И, когда перед глазами уже проносилась вся прожитая жизнь, Иваноид вдруг вспомнил, что его дед умер четыре года назад. Да, именно. Вот он лежит в гробу, вот множество венков с траурными ленточками, вот гроб выносят из дома, а рядом стоят мать с отцом -- память довольно отчетливо сохранила эти мрачные картинки.
-- Дед, а ты ведь умер, не помнишь?
Вместо голоса слышался только вой и рев взбесившихся стихий. В доме дрожало абсолютно все: пол, стены, потолки... Василий Петрович так и продолжал сидеть на одном месте, его голова опустилась на скрещенные руки, поддерживаемые шатающейся тростью.
-- Ты давно умер! Дед! Слышишь меня?
В голове у Квашникова начался мучительный процесс субституции сознания -- один логический алгоритм замещался другим, более здравым. Секунду спустя он снова крикнул:
-- Этого ничего нет! Потому что ты -- умер! Понимаешь, дед?
Вселенский гул принялся затихать, стены дома стали вдруг удаляться в разные стороны, а из щелей в полу внезапно прорастали и распускались цветы...
.............................
.............................
-- Да кто умер-то?! Э-э! Пинзаданза, он бредит!
Квашников открыл глаза и вздрогнул: прямо на него смотрели черные-причерные зрачки.
-- Не бойся, это всего лишь я. -- Контагин потормошил его за плечи, дабы чувства окончательно воссоединились с разумом.
Иваноид обнаружил себя лежащим на раздолбанной кровати. Где-то над его головой светила люстра, в которой вместо лампочек торчали искусственные свечи. Бесконечно-далеко, в параллельной вселенной, тикали настенные часы и тем самым убаюкивали встревоженный слух. Позолоченные обои превращали маленькую комнату в альков некого богатого дворца. Апперцепция медленно проясняла голову -- он здесь когда-то был, он все это когда-то видел...
-- Где я? -- на всякий случай спросил Квашников.
-- Во, улетел... в знаменитом на всю округу пятиэтажном доме! -- Зомби почесал за уком и дико улыбнулся.
-- Какое счастье...
Тут уже Контагину пришло время не на шутку встревожиться, он снова потряс товарища за плечи, наблюдая как безвольно болтается в разные стороны его голова:
-- Э! Иваноид! Ты это всерьез? Чего с тобой? Мы вообще-то по уши в дерьме, если выразиться прозой и без мата! Нам ключ надо искать!

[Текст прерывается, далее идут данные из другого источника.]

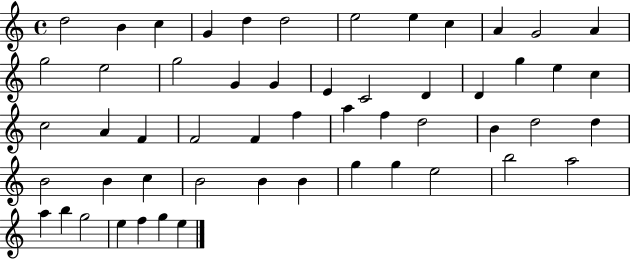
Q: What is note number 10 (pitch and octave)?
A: A4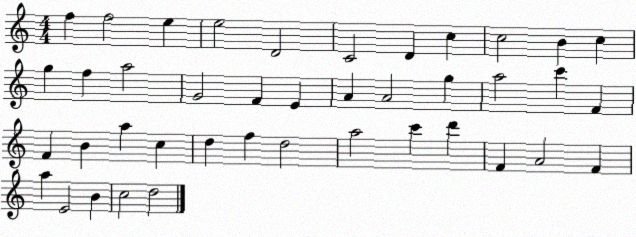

-- Зомби, мне только что приснилась атомная война... ты, мертвое чучело, даже не представляешь, какой это кошмар...
Контагин встал и недоумевающее покачал головой -- он-то думал, случилось действительно что серьезное. Потом прошелся по комнате и выкинул акробатический фортель: взял со стола кусок колбасы, положил ее на большой палец и щелчком подкинул вверх. Вращаясь по немыслимым осям, ломтик колбасы долетел почти до потолка, а потом упал прямо в рот исполнителю трюка.
-- Умеешь так?.. Да мне атомная война раз десять снилась. И вот мое резюме: Хрен на нее.
Косинов появился совсем тихо: примерно таким же образом в голливудских фильмах материализуются из воздуха какие-нибудь патрули времени. Его озадаченное лицо постоянно меняло мимику, еще эта челка, которая все время падала со лба и которую постоянно приходилось поправлять, поправлять... Да не легче ли постричься?
-- Что скажешь? -- Квашников озвучил первую приблудившуюся мысль.
-- Есть идея... не гениальная, но во всяком случае, и не последняя в мире идей. Я насчет стихов. И кажется, я расшифровал часть их странного кода... Помните то место, где говорится, что нужно четыре раза повернуть направо, а затем куда-то налево?